DIRECTIONS FOR THIS TASK
Among the lines of the listing below, retype exactly those from the one containing "From the chi" through the one containing "The blue line", both included. Do not include pictures.

RECORDS PROVIDED
#####
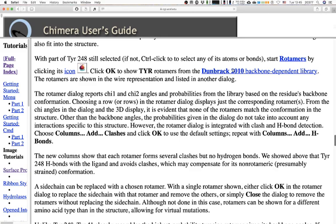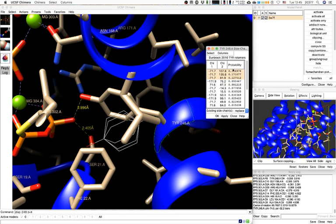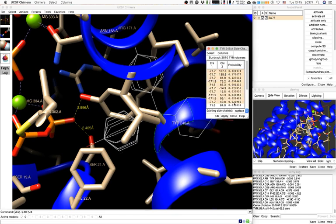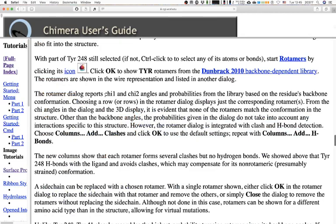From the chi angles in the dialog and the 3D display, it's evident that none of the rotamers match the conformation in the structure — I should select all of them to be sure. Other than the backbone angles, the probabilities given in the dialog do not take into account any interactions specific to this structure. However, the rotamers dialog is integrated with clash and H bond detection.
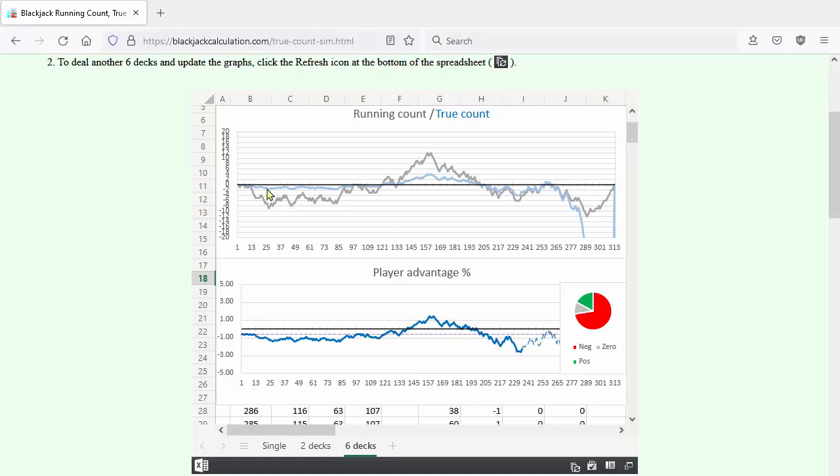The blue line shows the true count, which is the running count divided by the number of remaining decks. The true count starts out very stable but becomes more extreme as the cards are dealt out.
#####
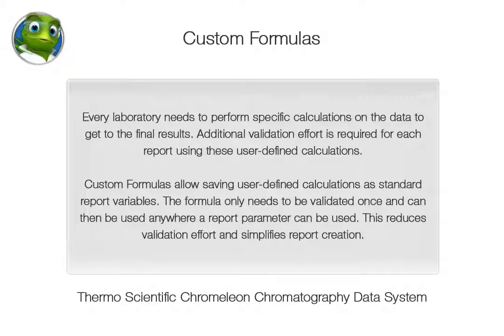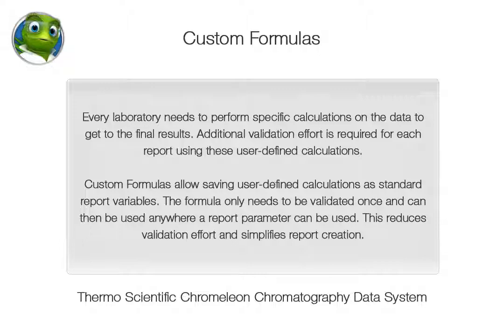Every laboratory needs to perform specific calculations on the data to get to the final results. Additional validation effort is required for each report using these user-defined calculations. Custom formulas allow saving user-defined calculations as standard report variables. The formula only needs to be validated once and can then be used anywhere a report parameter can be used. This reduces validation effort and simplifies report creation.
#####
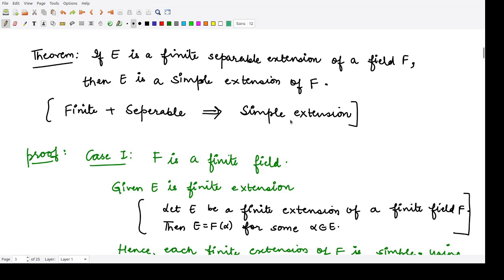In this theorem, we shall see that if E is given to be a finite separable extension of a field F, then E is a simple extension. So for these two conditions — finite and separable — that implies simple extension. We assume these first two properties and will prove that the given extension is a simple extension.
#####
TASK RESPONSE
From the chi angles in the dialog and the 3D display, it's evident that none of the rotamers match the conformation in the structure — I should select all of them to be sure. Other than the backbone angles, the probabilities given in the dialog do not take into account any interactions specific to this structure. However, the rotamers dialog is integrated with clash and H bond detection.
The blue line shows the true count, which is the running count divided by the number of remaining decks. The true count starts out very stable but becomes more extreme as the cards are dealt out.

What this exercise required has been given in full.